▸ Work to complete: Everything from the line holding "Aurora Empress 18.00" to the end of the listing below should be copied exactly, line for line, minus the pictures.

▬▬▬▬▬▬

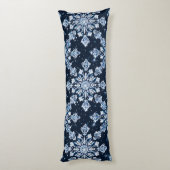 Coussins Longs Flocons de neige 3d bleus (Dos (Vertical))
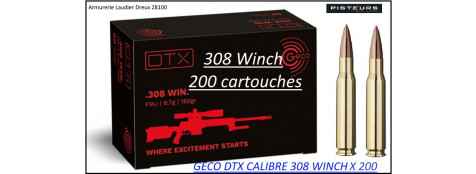 Cartouches calibre 308 winch Geco DTX  (7.62x51) poids150 grains FMJ blindées par 200 cartouches-Promotion-Ref 308-geco-200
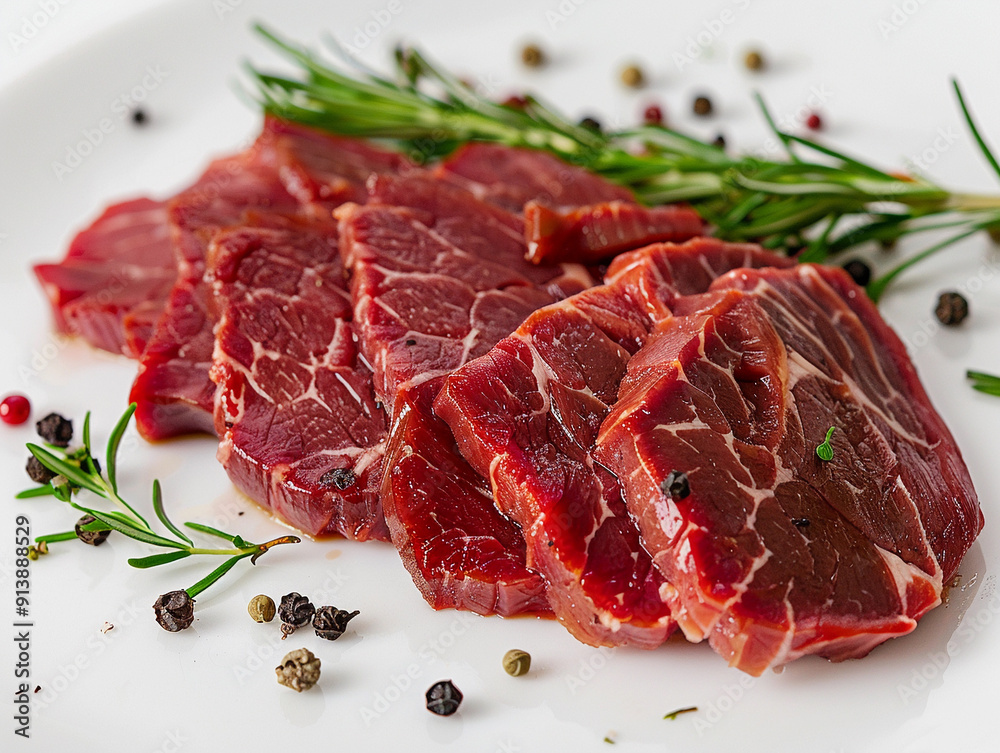 Freshly Sliced Premium Beef Tenderloin With Herbs and Spices on White Plate Freshly Sliced Premium Beef Tenderloin With Herbs and Spices on White Plate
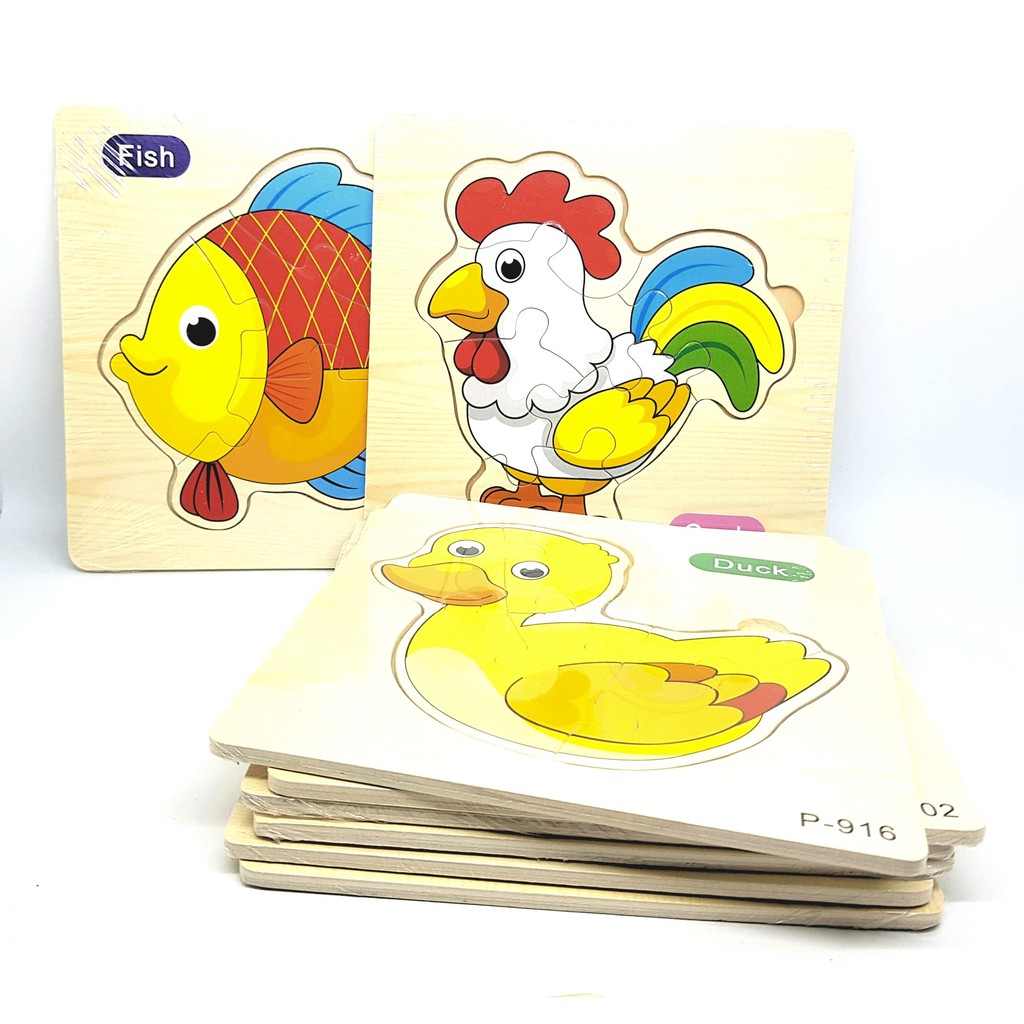 Puzzle Kayu Edukatif / Mainan Puzzle Anak / Mainan Edukasi Anak 1-16 - Mainan kayu hewan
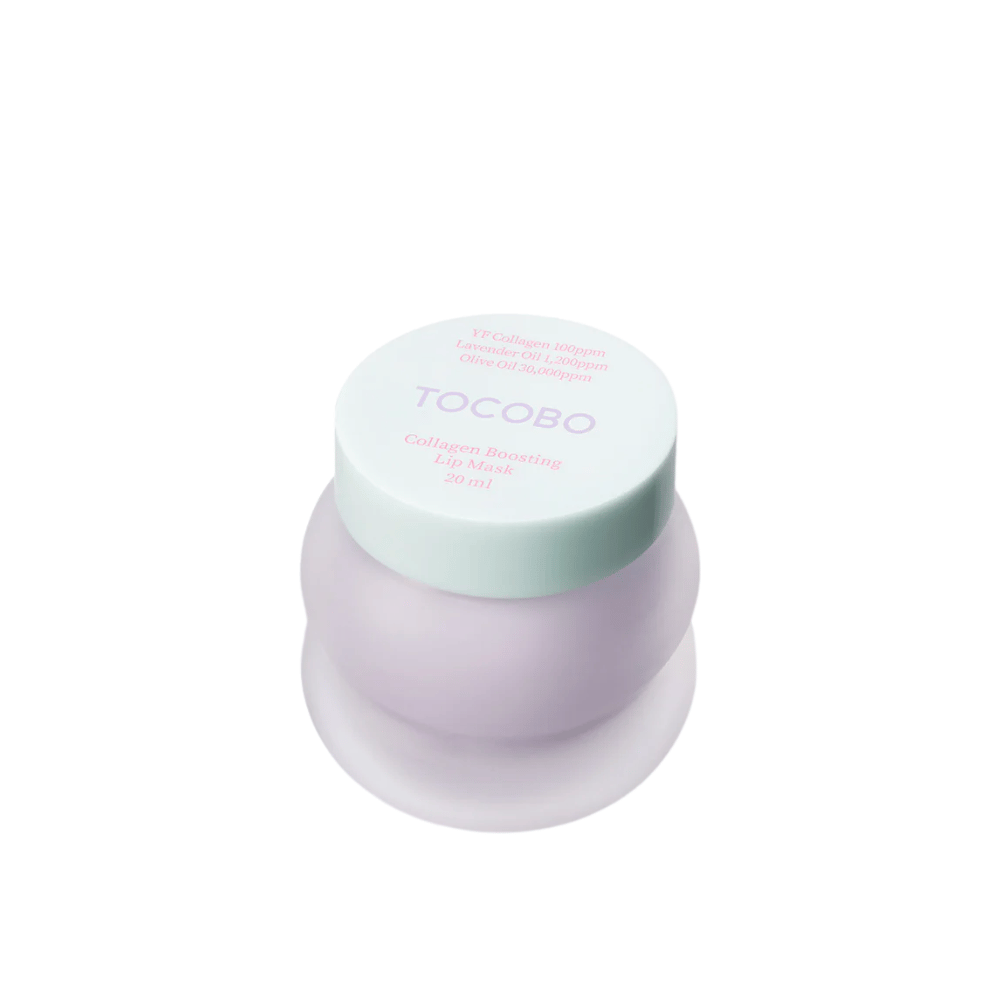 Close-up van gesloten pot TOCOBO Collagen Boosting Lip Mask met mintgroene deksel tegen witte achtergrond.
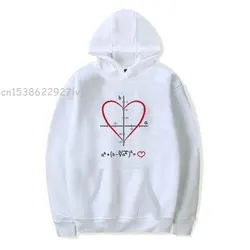 Sudadera con capucha para adolescentes, ropa con capucha y estética para primavera y otoño, ropa con estampado divertido de MensAll You Need Is Love Math Equation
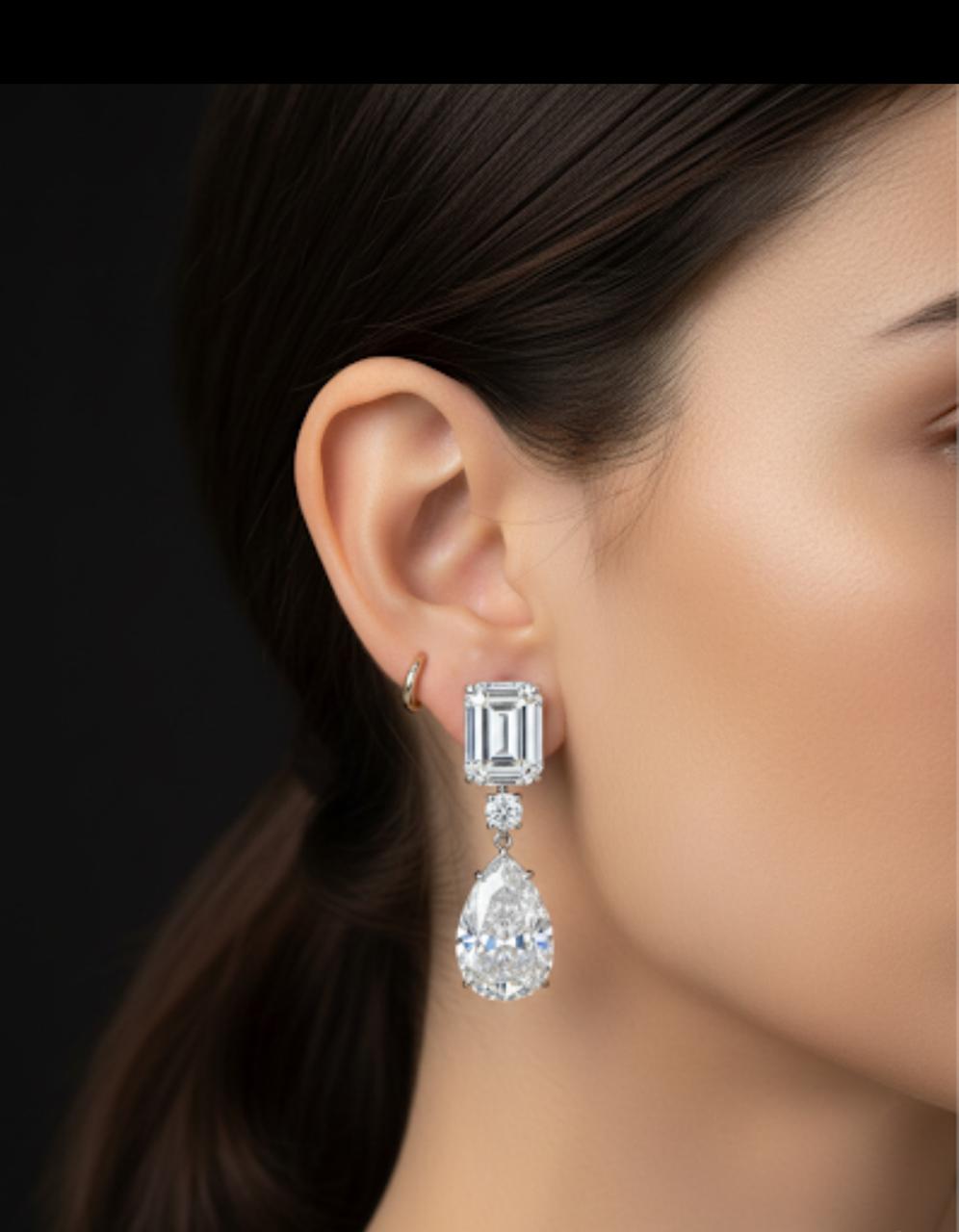 Aurora Empress 18.00 Carat IGI Certified Diamond Drop Earrings | Jenny Jewells - JENNY JEWELLS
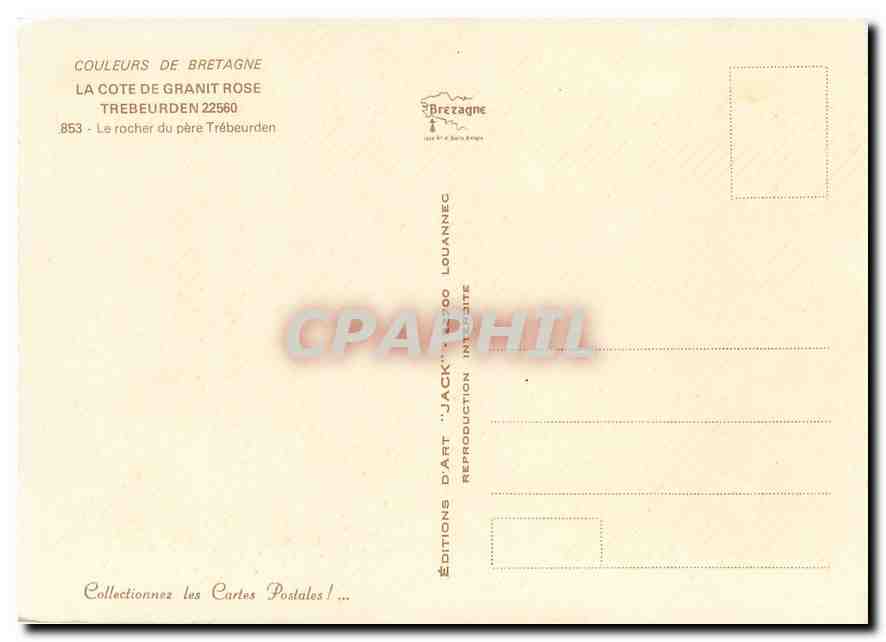 Vater Trébeurden — Rosa Granitfelsen — Éditions d'Art 'Jack' Louannec — Rückseite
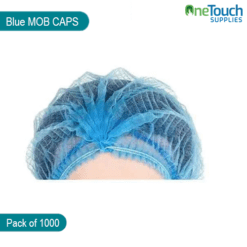 "Pack of 1000 disposable blue mob caps (10×100) for hygiene and hair protection in clean environments."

▬▬▬▬▬▬

▸ Task solution:
 Aurora Empress 18.00 Carat IGI Certified Diamond Drop Earrings | Jenny Jewells - JENNY JEWELLS
 Vater Trébeurden — Rosa Granitfelsen — Éditions d'Art 'Jack' Louannec — Rückseite
 "Pack of 1000 disposable blue mob caps (10×100) for hygiene and hair protection in clean environments."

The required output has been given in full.